### RECORDS FOR THE TASK ###

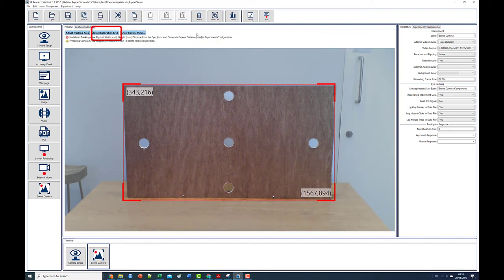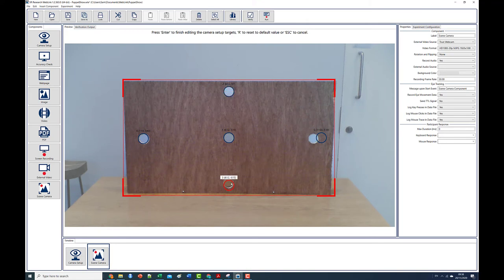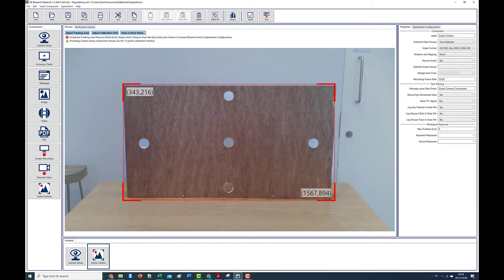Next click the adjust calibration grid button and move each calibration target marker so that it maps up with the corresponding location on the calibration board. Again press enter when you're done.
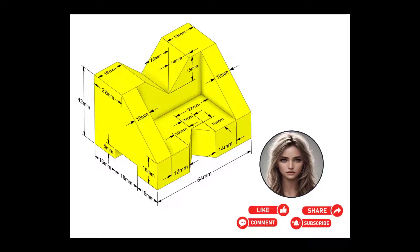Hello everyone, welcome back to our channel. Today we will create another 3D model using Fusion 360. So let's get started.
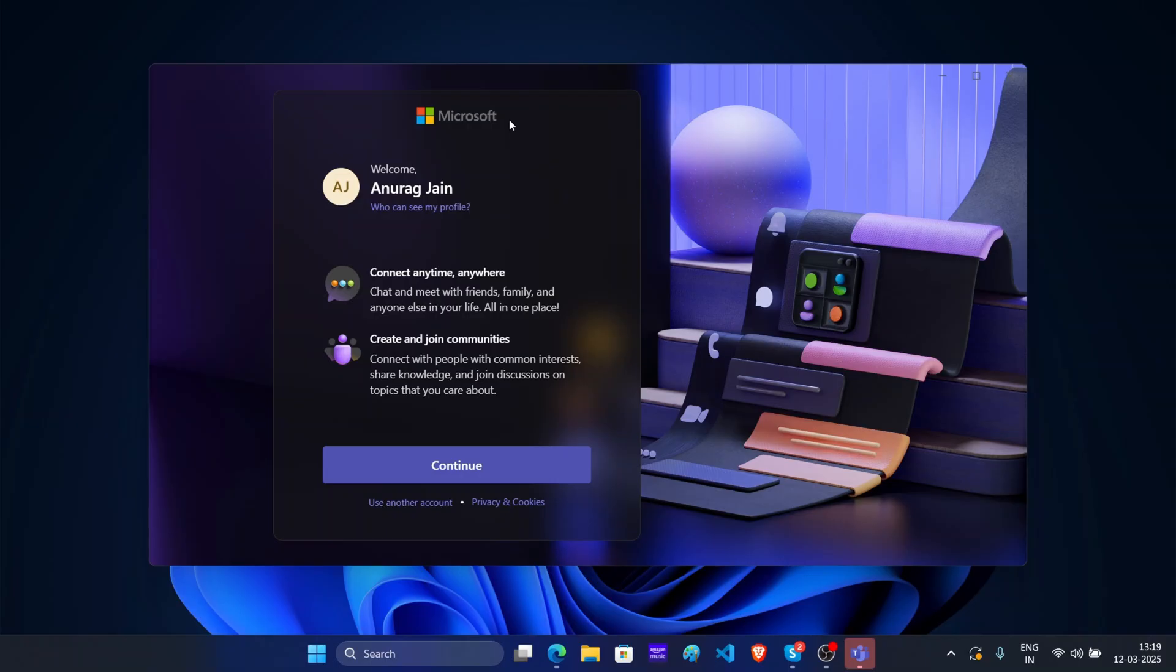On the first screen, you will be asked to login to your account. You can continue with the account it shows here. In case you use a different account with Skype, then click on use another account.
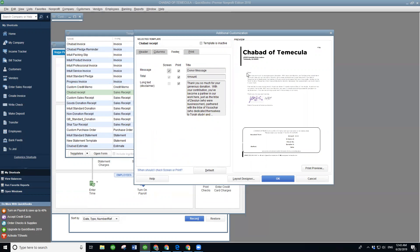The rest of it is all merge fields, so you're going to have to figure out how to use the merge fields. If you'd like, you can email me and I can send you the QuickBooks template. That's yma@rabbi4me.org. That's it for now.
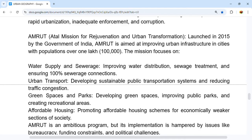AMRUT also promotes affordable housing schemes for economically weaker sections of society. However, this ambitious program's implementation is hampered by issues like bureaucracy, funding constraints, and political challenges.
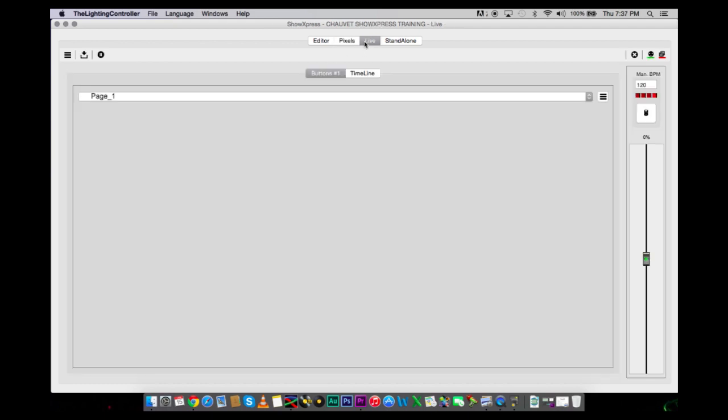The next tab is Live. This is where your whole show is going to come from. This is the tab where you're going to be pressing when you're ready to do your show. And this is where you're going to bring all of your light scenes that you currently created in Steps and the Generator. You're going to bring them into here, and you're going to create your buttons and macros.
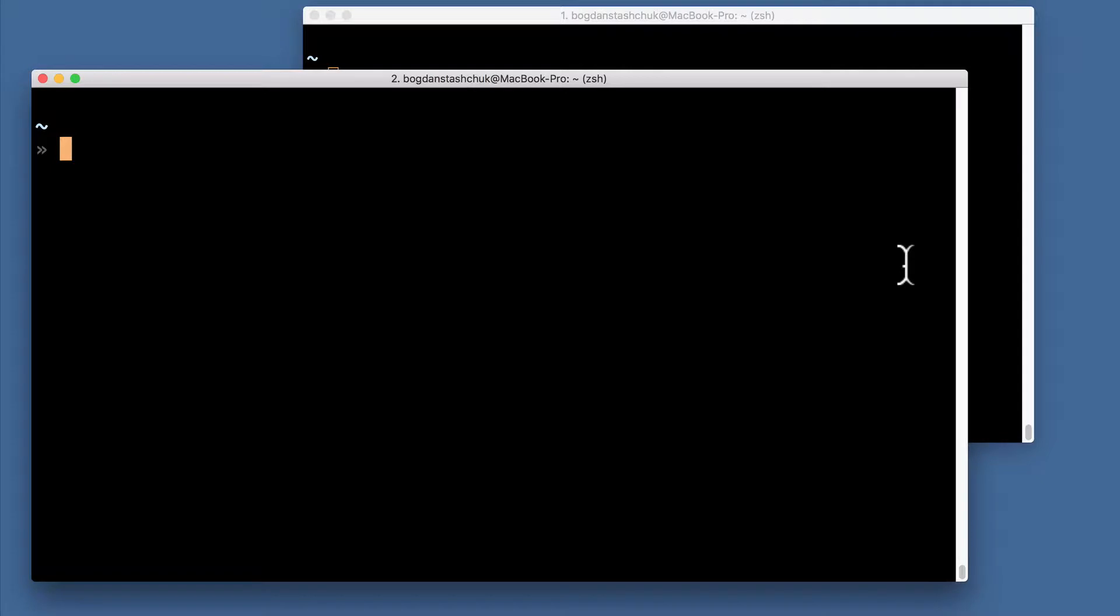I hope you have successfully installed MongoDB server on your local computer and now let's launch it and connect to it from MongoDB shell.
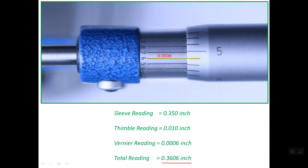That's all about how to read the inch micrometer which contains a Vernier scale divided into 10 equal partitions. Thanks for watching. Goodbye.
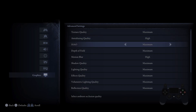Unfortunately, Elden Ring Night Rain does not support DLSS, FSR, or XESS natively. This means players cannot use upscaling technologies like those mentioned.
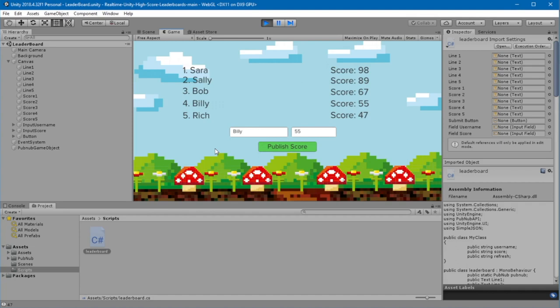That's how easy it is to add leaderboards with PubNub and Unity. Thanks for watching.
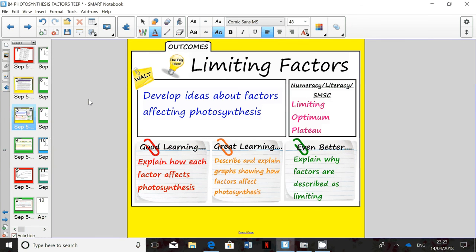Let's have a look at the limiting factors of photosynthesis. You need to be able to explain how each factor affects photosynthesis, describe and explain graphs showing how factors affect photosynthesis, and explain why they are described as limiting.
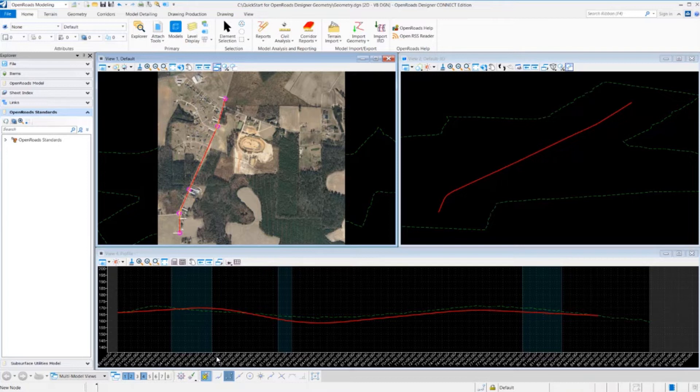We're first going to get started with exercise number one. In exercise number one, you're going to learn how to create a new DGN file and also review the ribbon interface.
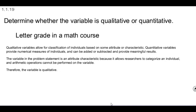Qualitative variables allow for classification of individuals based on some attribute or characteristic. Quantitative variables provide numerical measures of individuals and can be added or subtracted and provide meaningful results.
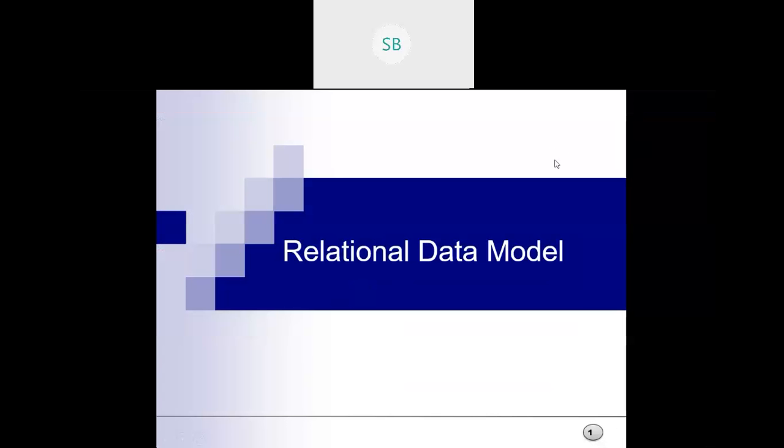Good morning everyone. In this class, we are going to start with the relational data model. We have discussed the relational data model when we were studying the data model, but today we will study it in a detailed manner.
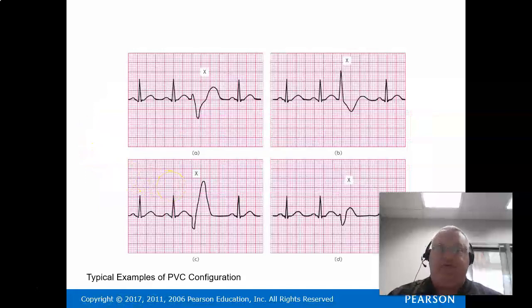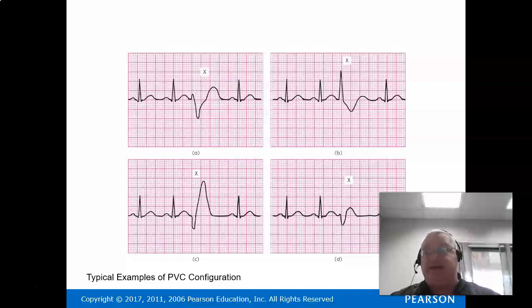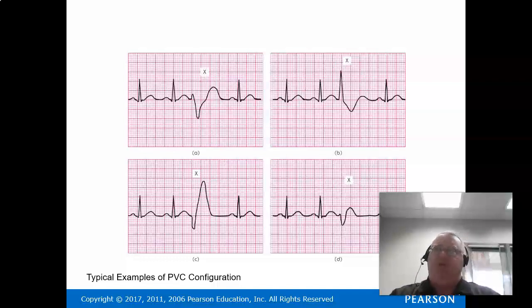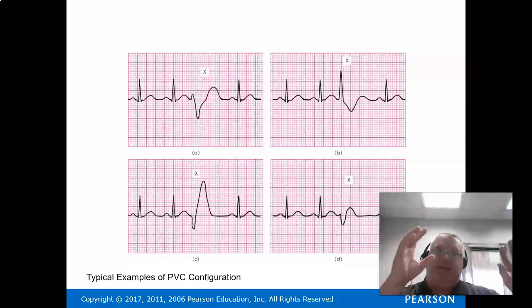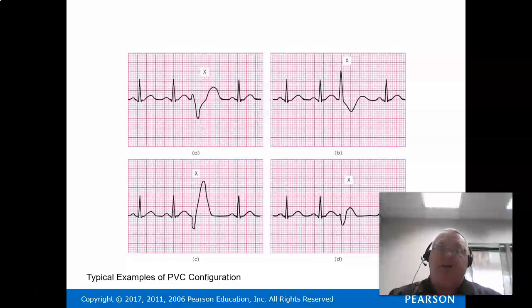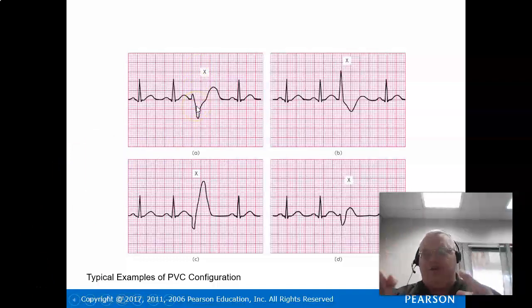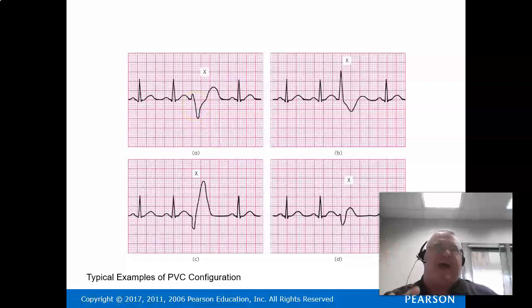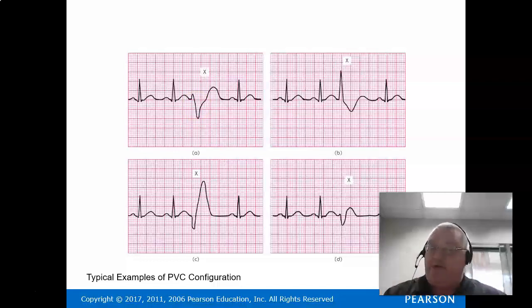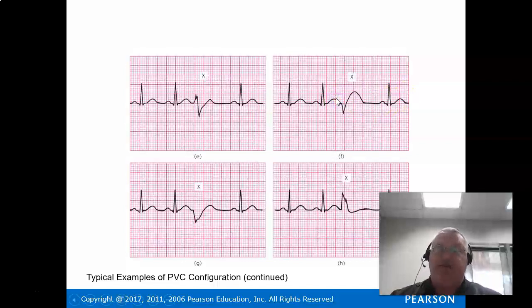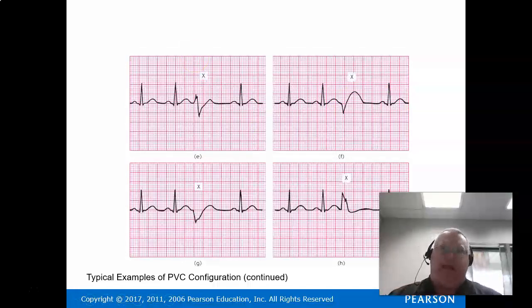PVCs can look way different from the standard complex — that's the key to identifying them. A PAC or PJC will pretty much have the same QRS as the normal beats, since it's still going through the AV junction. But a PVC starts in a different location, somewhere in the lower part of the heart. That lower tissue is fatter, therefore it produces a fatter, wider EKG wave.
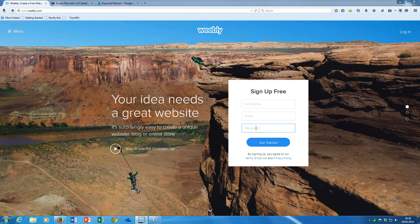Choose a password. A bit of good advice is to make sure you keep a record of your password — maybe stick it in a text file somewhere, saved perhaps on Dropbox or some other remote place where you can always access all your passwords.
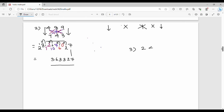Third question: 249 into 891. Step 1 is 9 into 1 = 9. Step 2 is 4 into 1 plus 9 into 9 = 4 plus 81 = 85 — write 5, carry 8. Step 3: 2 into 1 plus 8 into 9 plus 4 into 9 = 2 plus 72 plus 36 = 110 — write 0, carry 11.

###

WHAT IS EXPECTED ▸
Keeping both end lines, retype exactly the lines from the first line of the material through the line that contains "That's how easy", but not the pictures.

REPLY TO THE EXERCISE ▸
Next click the adjust calibration grid button and move each calibration target marker so that it maps up with the corresponding location on the calibration board. Again press enter when you're done.
Hello everyone, welcome back to our channel. Today we will create another 3D model using Fusion 360. So let's get started.
On the first screen, you will be asked to login to your account. You can continue with the account it shows here. In case you use a different account with Skype, then click on use another account.
The rest of it is all merge fields, so you're going to have to figure out how to use the merge fields. If you'd like, you can email me and I can send you the QuickBooks template. That's yma@rabbi4me.org. That's it for now.
AMRUT also promotes affordable housing schemes for economically weaker sections of society. However, this ambitious program's implementation is hampered by issues like bureaucracy, funding constraints, and political challenges.
The next tab is Live. This is where your whole show is going to come from. This is the tab where you're going to be pressing when you're ready to do your show. And this is where you're going to bring all of your light scenes that you currently created in Steps and the Generator. You're going to bring them into here, and you're going to create your buttons and macros.
I hope you have successfully installed MongoDB server on your local computer and now let's launch it and connect to it from MongoDB shell.
That's all about how to read the inch micrometer which contains a Vernier scale divided into 10 equal partitions. Thanks for watching. Goodbye.
Unfortunately, Elden Ring Night Rain does not support DLSS, FSR, or XESS natively. This means players cannot use upscaling technologies like those mentioned.
That's how easy it is to add leaderboards with PubNub and Unity. Thanks for watching.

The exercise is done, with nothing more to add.